● Task to complete: Write out the listing below exactly, and omit any images you find in it.

==== Exercise inputs

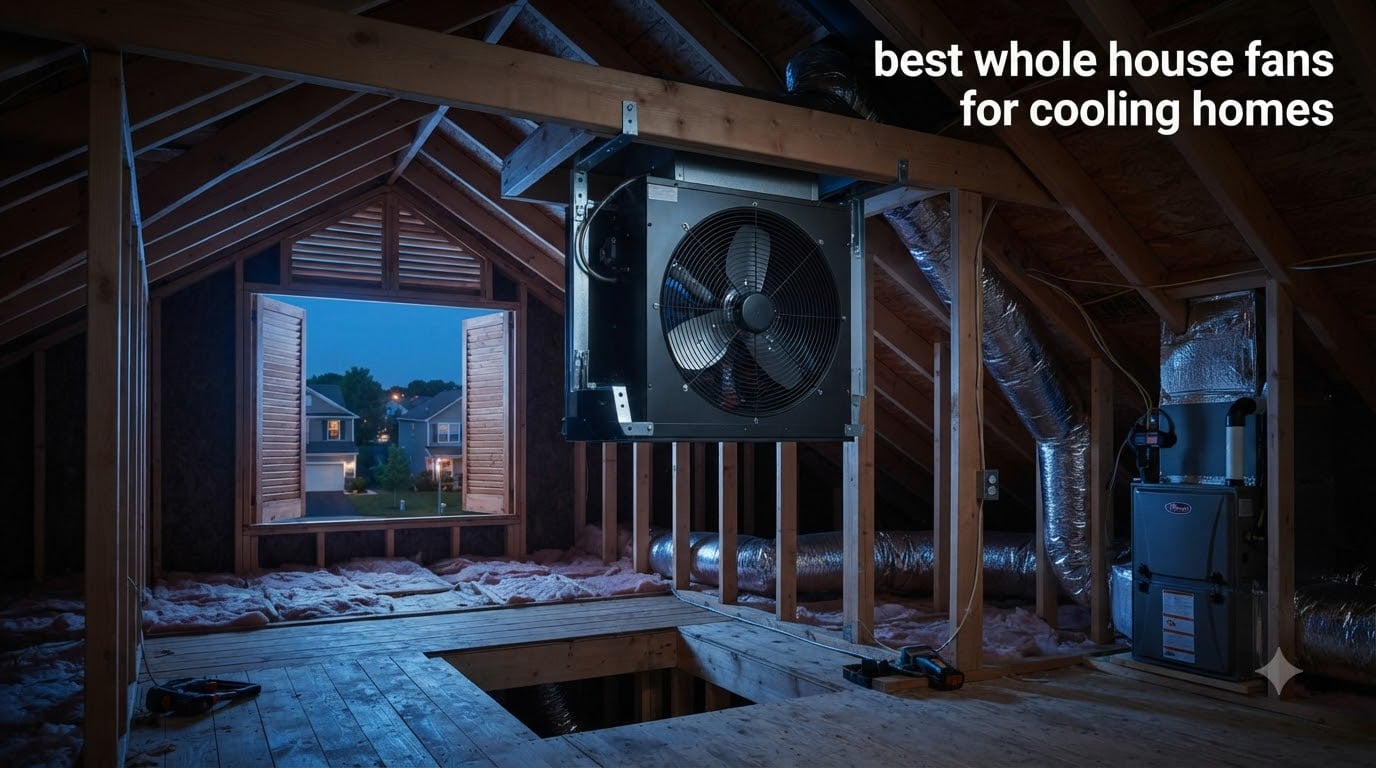 best whole house fans for cooling homes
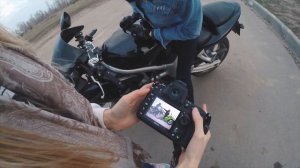 С сестрой на мотоцикле | И немного о Kawasaki ZX7R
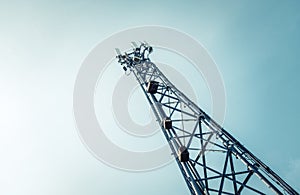 Telecommunications Or Cellphone Radio Tower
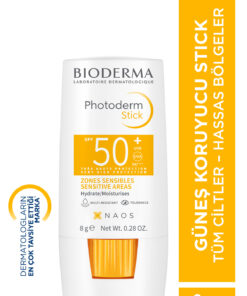 Bioderma Photoderm Stick SPF50+ Hassas&Tüm Ciltler İçin Çok Yüksek Korumalı Stick Güneş Kremi 8 gr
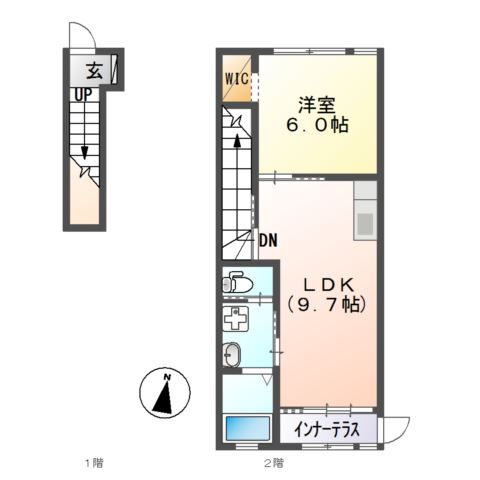 ヴィラ・ソレイユ　Ｂ 間取り図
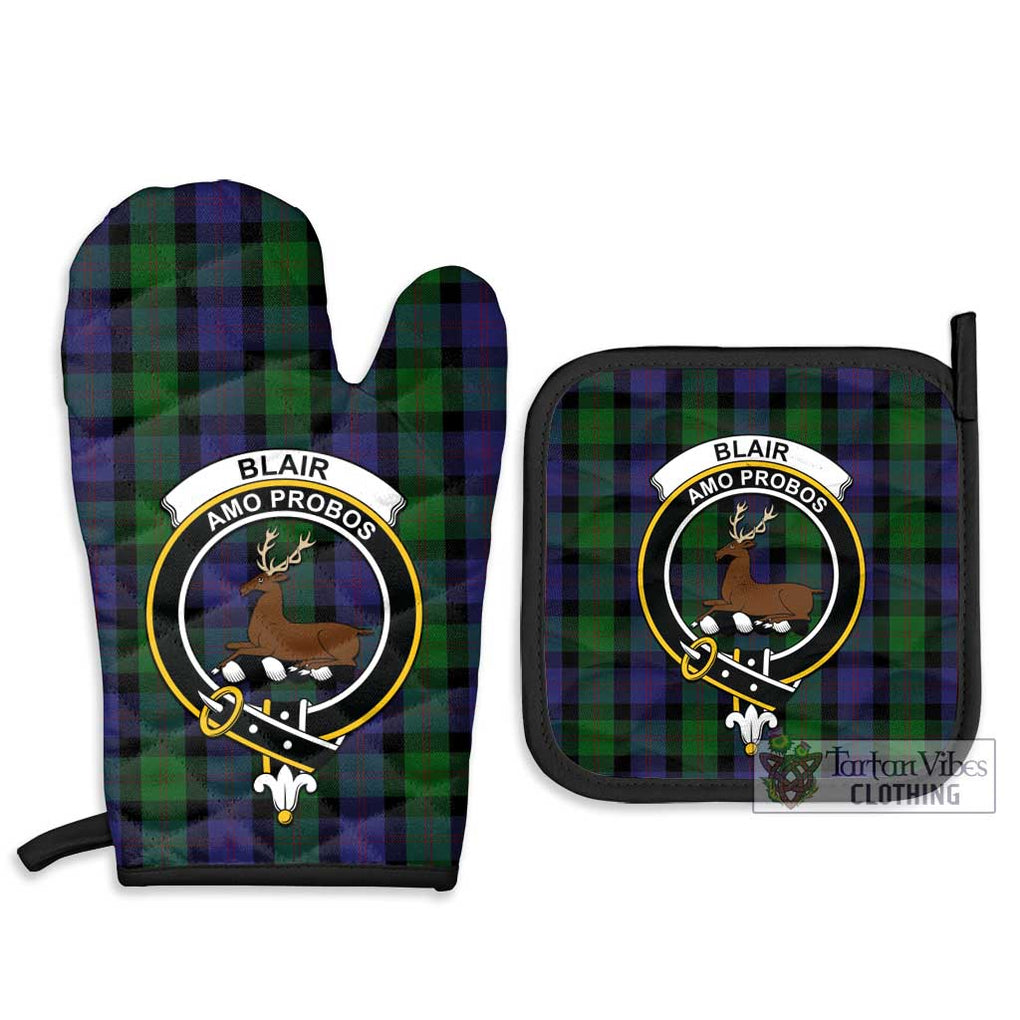 Blair Tartan Combo Oven Mitt & Pot-Holder with Family Crest - Tartan Vibes Clothing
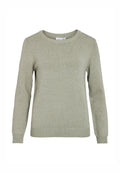 VILA VIRIL O-NECK L/S KNIT TOP - NOOS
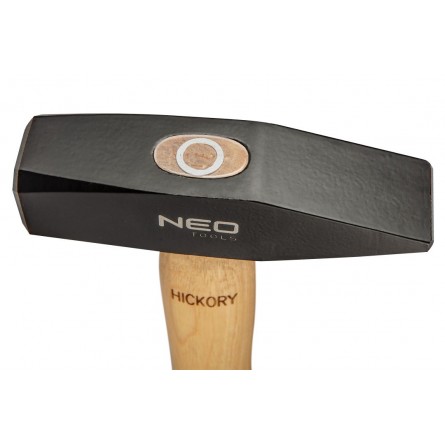 Молоток Neo Tools столярний 1000 г, дерев'яна рукоятка фото №2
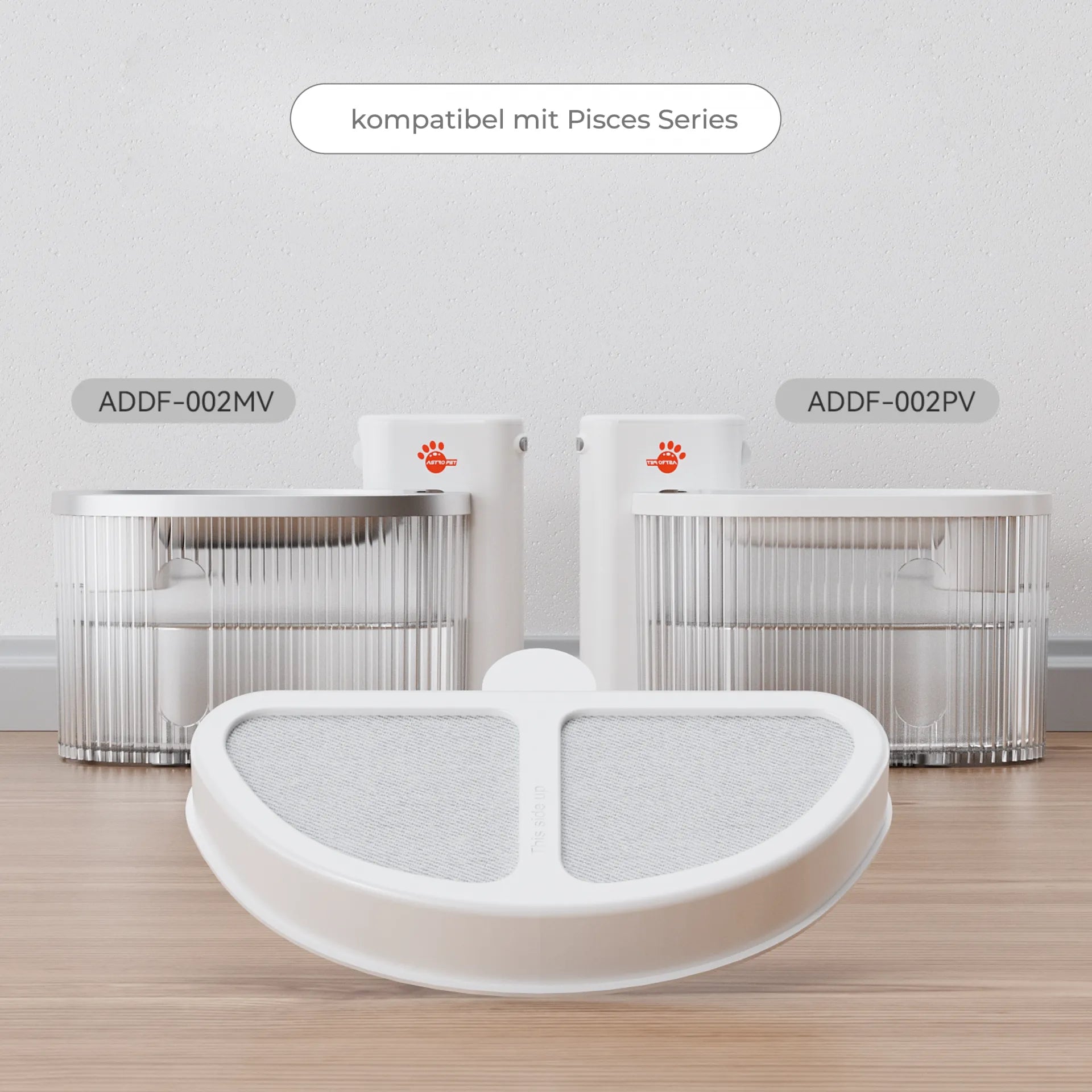Pisces drinking fountain filter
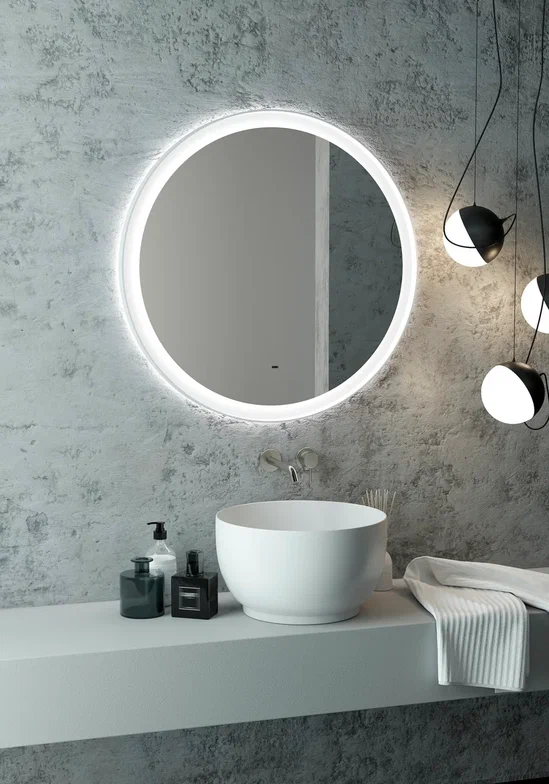 Зеркало с подсветкой "Planet white Led" D 800 с бесконтактным сенсором ЗЛП691 100Kran: Широкий выбор и доступные цены.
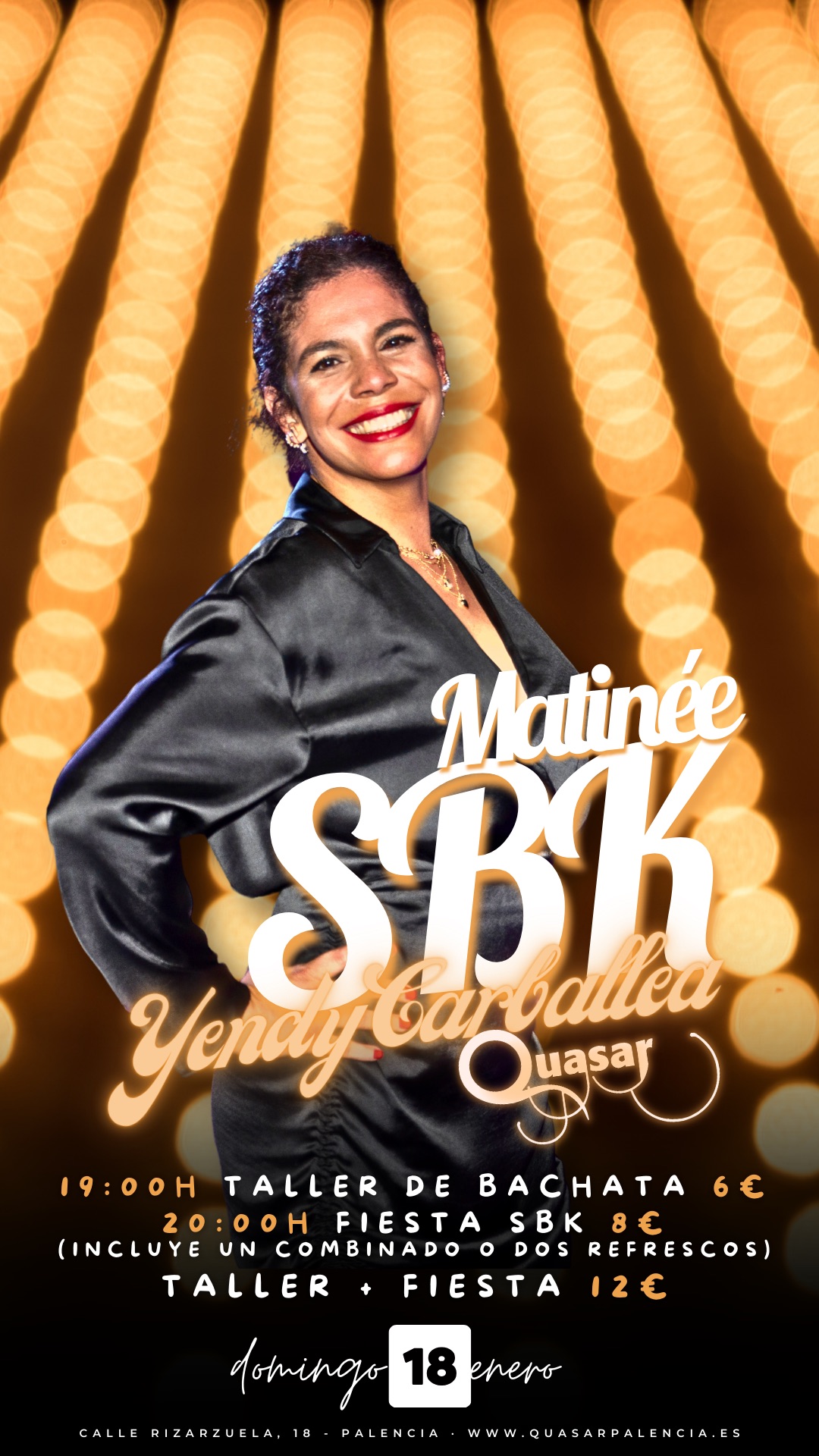 ✨ Vuelve la Matinée SBK a Quasar con Yendy Carballea ✨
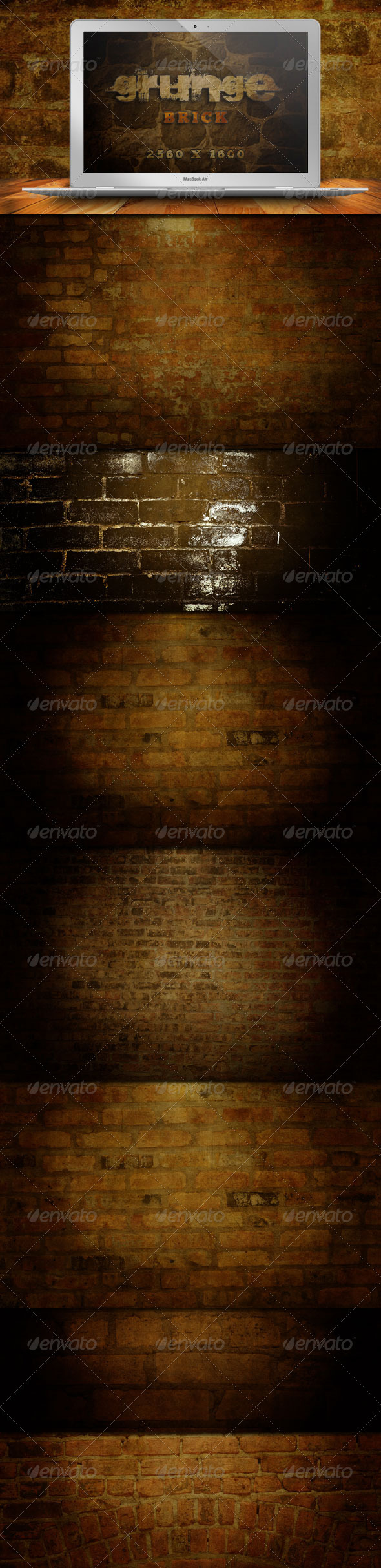 10 Grunge Brick Backgrounds - Backgrounds Graphics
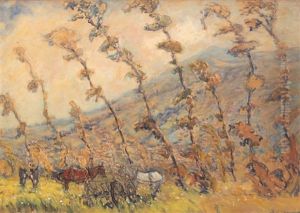 Plantation Of Hop At Oravita by Joan Isac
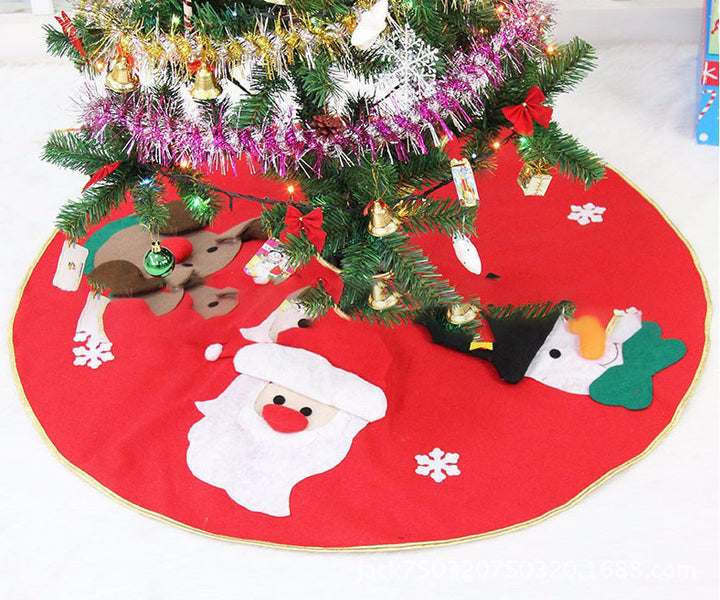 Christmas decoration tree skirt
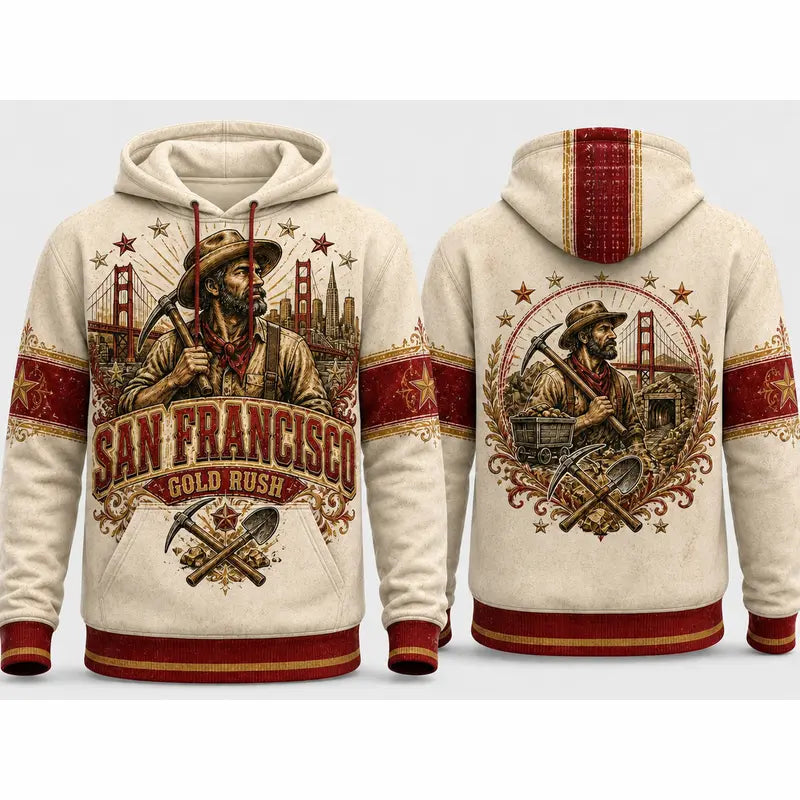 Vintage City Football Hoodie – Retro Game Day All-Over Print Pullover for Football Fans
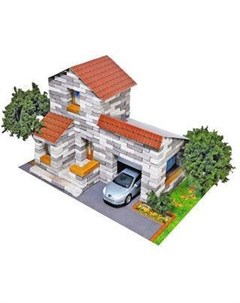 Конструктор Дом с гаражом 500 деталей ТМ Архитектурное моделирование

========

● Problem solution:
 best whole house fans for cooling homes
 С сестрой на мотоцикле | И немного о Kawasaki ZX7R
 Telecommunications Or Cellphone Radio Tower
 Bioderma Photoderm Stick SPF50+ Hassas&Tüm Ciltler İçin Çok Yüksek Korumalı Stick Güneş Kremi 8 gr
 ヴィラ・ソレイユ　Ｂ 間取り図
 Blair Tartan Combo Oven Mitt & Pot-Holder with Family Crest - Tartan Vibes Clothing
 VILA VIRIL O-NECK L/S KNIT TOP - NOOS
 Молоток Neo Tools столярний 1000 г, дерев'яна рукоятка фото №2
Pisces drinking fountain filter
 Зеркало с подсветкой "Planet white Led" D 800 с бесконтактным сенсором ЗЛП691 100Kran: Широкий выбор и доступные цены.
 ✨ Vuelve la Matinée SBK a Quasar con Yendy Carballea ✨
 10 Grunge Brick Backgrounds - Backgrounds Graphics
 Plantation Of Hop At Oravita by Joan Isac
 Christmas decoration tree skirt
 Vintage City Football Hoodie – Retro Game Day All-Over Print Pullover for Football Fans
 Конструктор Дом с гаражом 500 деталей ТМ Архитектурное моделирование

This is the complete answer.